The Order – the mysterious group her mother was once part of – is grappling for control of the realms, as is the Rakshana. Spence’s burned East Wing is being rebuilt, but why now? Gemma and her friends see Pippa, but she is not the same. And their friendship faces its gravest trial as Gemma must decide once and for all what role she is meant for.
Whoa. Longest of the three books by far, but definitely the most fast-paced. My heart was racing throughout and I was hard pressed to put it down. Finished it in two days, because I just had to know how it ended.
The stakes keep getting higher and higher, and considering how the first book ends, higher stakes means not everyone gets a happy ending. But it was worth it. The end leaves you feeling hopeful, which I suppose is what the author sets out to do. In a society where woman are not given so much agency or power over their own lives, a handful fight and find a way to break away. And it reflects today’s society too, because people may say we have control, but while we have more control than our Victorian counterparts, by and large, situations like these where others control our fates do exist. Empower yourself, is the statement. The only person in control is you, is the statement. You will fall and stumble, but you pick yourself up again, is the statement. Do your best, is the statement.
Gemma does keep making mistakes, largely in part because she does not have all the information, but once she does, she makes a decisive move. The one that she thinks is best for everyone and not just herself. Obviously there are moments where she makes selfish decisions, or chooses to keep things to herself, but then she is still young and naive. And she is scared. She does not know who to trust, and she feels like she cannot trust herself.
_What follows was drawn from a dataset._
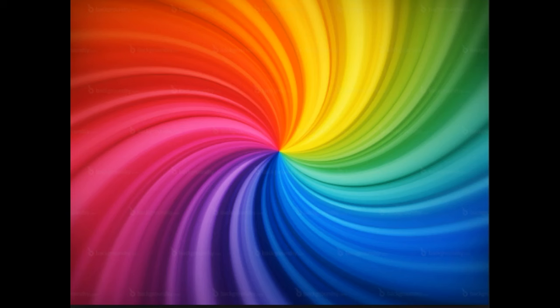Let this chakra continue to glow and spin as you move up to your solar chakra, located a few inches above your navel. Here, see a beautiful, sunny, yellow, glowing ball of light, or visualize a lemon or a sunflower.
It is wonderful to see her evolve into someone people can follow.
Oh dear, Pippa. Lost too young, and scared, and wanting nothing more than to go back to a place forever out of reach. Her arc is terrible and heart wrenching. But it works for what we do know of her character. It has always been about power, in a way. Those who do not have it, crave it. Those who have it are divided – some crave more, some do not want it at all, and some are scared of it but want no one else to have it.
Felicity finally gets free, which is great for her. I will admit, there have been many times in the series where I thought she would desire power over everything else, but no, she desires freedom for herself, and I love that she defied my expectations of her character. Truth be told, I expected her to go down Pippa’s path.
Ann takes control of her life after a few stumbles. For some reason I have loved her character from the beginning. Perhaps because she is so sad and lonely that I wanted to be her friend. I love that she fights, in the end, for her own happy ending. It takes her a while, but she does it, and while magic gets her a foot in the door, it is her own talent that secures her fate. The magic bolsters her courage in the first step, but it is without magic that she sustains that strength.
None of their endings have to do with men, each of them sustain heartbreak in their own way, but all three girls have happiness and freedom and the idea of more. It is a wonderful end to a wonderful series.